Meia hora depois estaciona o carro na frente da venda do Tibério e da porta fala:
- Quero um litro de uísque, daquele que meu pai bebia...
- Seu moço, tem mais não, seu tio bebeu o último a sumana passada...Respondeu o homem atrás do balcão
- Então me vê um litro de conhaque macieira...
- É pra já meu bom.
O litro veio acompanhado de um copo, que ele rejeitou e começou a beber pelo gargalo. – O moço tá cum sede... – Escuta Tibério quem desceu a bocana de minha fazenda hoje entre 10 e 11 horas? Perguntou após beber o primeiro trago e sem deixar o outro concluir sua frase. – Vi não home, nessa hora estava matando e tratando um porco pra nóis... Pro mode quê? – Por nada não. Falou e votou a beber. O dono da venda ainda tentou conversar com ele, mas Sinval passou a responder-lhe por monólogos, bebeu o litro de conhaque em menos de uma hora, bebeu e levantou-se ao lado do carro vomitou, voltou e pediu uma cerveja, aceitou um sarapatel que o vendeiro lhe ofereceu, bebeu sozinho mais uma quatro cervejas, pagou sem discutir o preço e saiu.
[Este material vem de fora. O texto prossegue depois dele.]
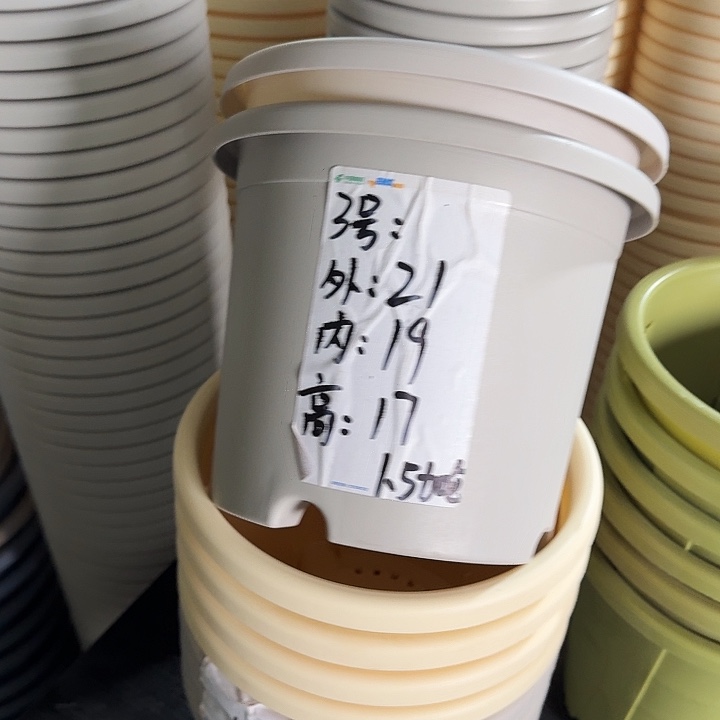 微瑕3#灰白10个无托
Guiava a picap bem devagar como se quisesse atrasar sua chegada a Tremembé, na última curva estacionou o carro, desceu e olhou o relógio era oito horas da noite, então tomou o caminho pedregulhoso e caminhou por mais de 1,5 quilômetros até a beira do rio Baiano, naquele ponto o rio ganhava uma queda d’água bonita e ele parou a sentou-se e ficou como se estivesse a contemplar, na penumbra daquela o que via era o lençol branco a descer e se perder na escuridão, sua mente voltava-se a Helena, aquela hora o que ela estava a fazer? Estava se banhar, a se perfumar e a aguardar pelo seu amante... toda a bebida que havia consumido no Tibério já não lhe fazia efeito, olhou o relógio, o tempo voara faltavam quinze para as 10.
Naquele instante, a casa amarela da Rua da Esperança, a maior casa dessa rua abria sua porta e sorrateiramente Jair entrava , entrava e beijava a boca da mulher que lhe abrira a porta. Sem conversas, abraçados se dirigiram ao quarto e se começaram a fazer amor sofregamente.
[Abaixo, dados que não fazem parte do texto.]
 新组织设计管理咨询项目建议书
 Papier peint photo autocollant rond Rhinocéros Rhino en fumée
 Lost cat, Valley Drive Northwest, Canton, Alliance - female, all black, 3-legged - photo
Sinval descia a rua com sua picap, rua silenciosa e vazia, poucas casas tinham janelas abertas, o carro ia devagar no ponto morto, o estacionou em frente a venda do sogro de sua casa, que aquele hora dormia, a uns 50 metros de sua casa, enfiou a mão no porta-luvas trouxe o revolver, abriu-lhe o tambor e conferiu a munição, desceu do carro e o colocou na cintura, silenciosamente caminhou até o portão de sua casa, observou que a luz da sala estava acesa, lembrou-se que ao abrir o portão rangeria e sem muitos ruídos saltou o muro. Do outro lado alguém escondido na penumbra da sombra de uma mangueira sorria observando seus gestos.
Na porta levou a chave e girou-a, sem ruídos a porta se abriu, caminhou até a porta de quarto, lá de dentro gemidos e gritinhos de prazer denunciavam que os amantes estavam se amando, olhou o relógio eram 10:10 puxou o revolver, abriu a porta devagar. Jair estava nu de costas para ele e sua mulher de quatro em cima de sua cama era segura pelos longos cabelos como ele, (Sinval), jamais fizera.
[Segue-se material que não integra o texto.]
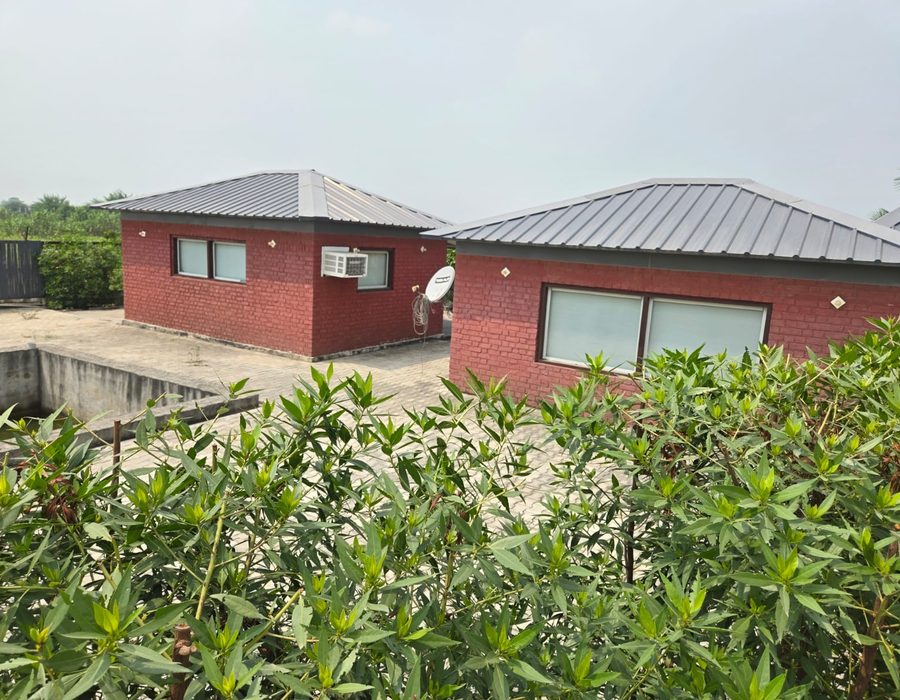 Brick veranda with stone flooring and planting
Encostou o revolver na cabeça do amigo e disparou, Helena pôs-se a gritar enquanto o peso do amante a prendia, então Sinval virou o revolver em sua direção e disparou duas vezes, um tiro a atingiu as costas na altura do peito esquerdo, o segundo a atingiu na face abaixo da orelha direita. Verificou se ambos estavam mortos, confirmando, caminhou até a porta do quarto posicionou o cano do revolver no lóbulo atrás de sua orelha direita e puxou o gatilho.
Pouco tempo depois a casa era invadida por vizinhos, no meio deles a pessoa que sorria sob a mangueira se satisfazia ao ver os três corpos estendidos no quarto.